Chapter 1: The Two Nodes

The cluster is built from two machines that could hardly be more different:

The control plane is an x86_64 Debian machine. This is the node that makes decisions: what runs where, what the desired state is, what needs reconciling.

The worker is an ARM64 cloud instance with 4 cores and 24GB of RAM, always on because it is a cloud VM rather than a laptop.

Two things about this pairing matter for the rest of the story. First, the two machines are in different regions on different networks — that is what makes the cluster genuinely resilient rather than just “two computers in one room.” Second, they have different CPU architectures — x86_64 versus ARM64 — which turns out to be a real problem I had to solve in Chapter 4.

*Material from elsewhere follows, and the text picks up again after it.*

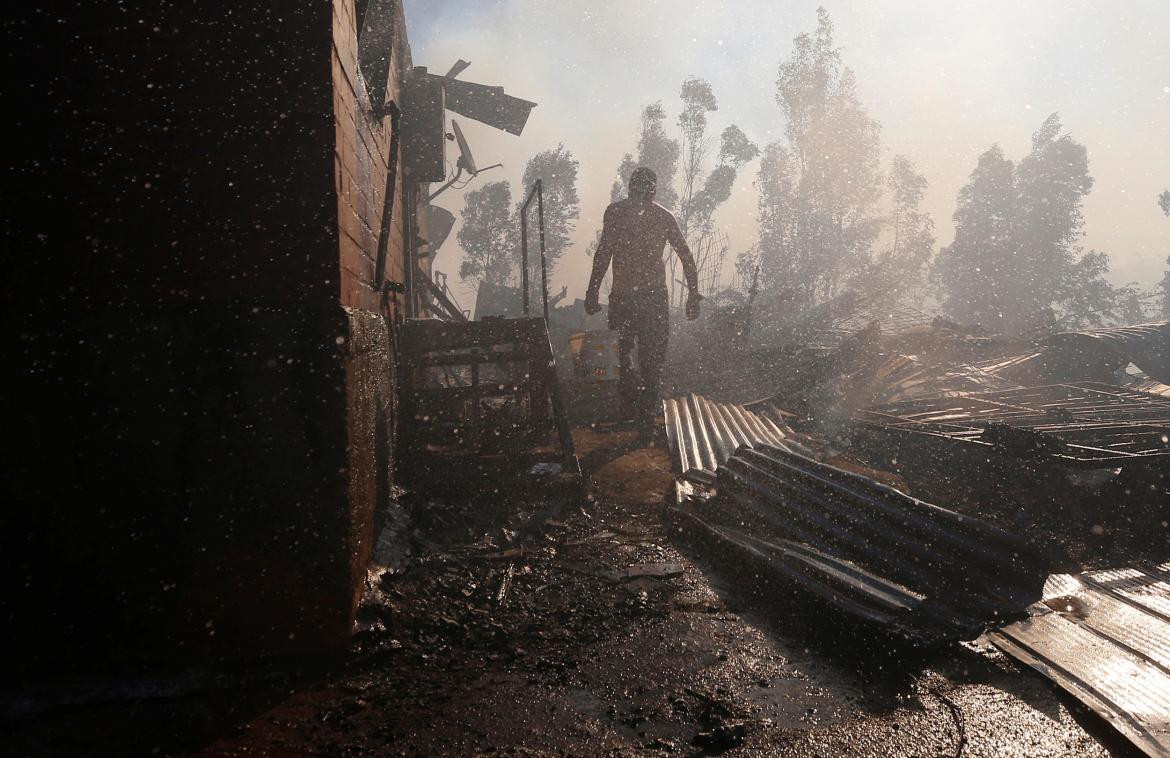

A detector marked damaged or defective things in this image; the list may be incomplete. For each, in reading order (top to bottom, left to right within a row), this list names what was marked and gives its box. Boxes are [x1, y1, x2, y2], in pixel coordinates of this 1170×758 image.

Before installing anything, both machines need to be on the same private mesh network (the next chapter explains why), and you need kubectl on whichever machine you will run commands from. K3s bundles kubectl on the control plane automatically; to install a standalone copy elsewhere:

curl -LO "https://dl.k8s.io/release/$(curl -L -s https://dl.k8s.io/release/stable.txt)/bin/linux/amd64/kubectl"
chmod +x kubectl && sudo mv kubectl /usr/local/bin/

Prerequisites: The Mesh Network

This cluster is built on top of the Tailscale mesh I set up back in Part 2, so by the time I got to Kubernetes the network was already there. If you are starting fresh, the mesh is the one piece you need in place before anything else — the cluster cannot form without it.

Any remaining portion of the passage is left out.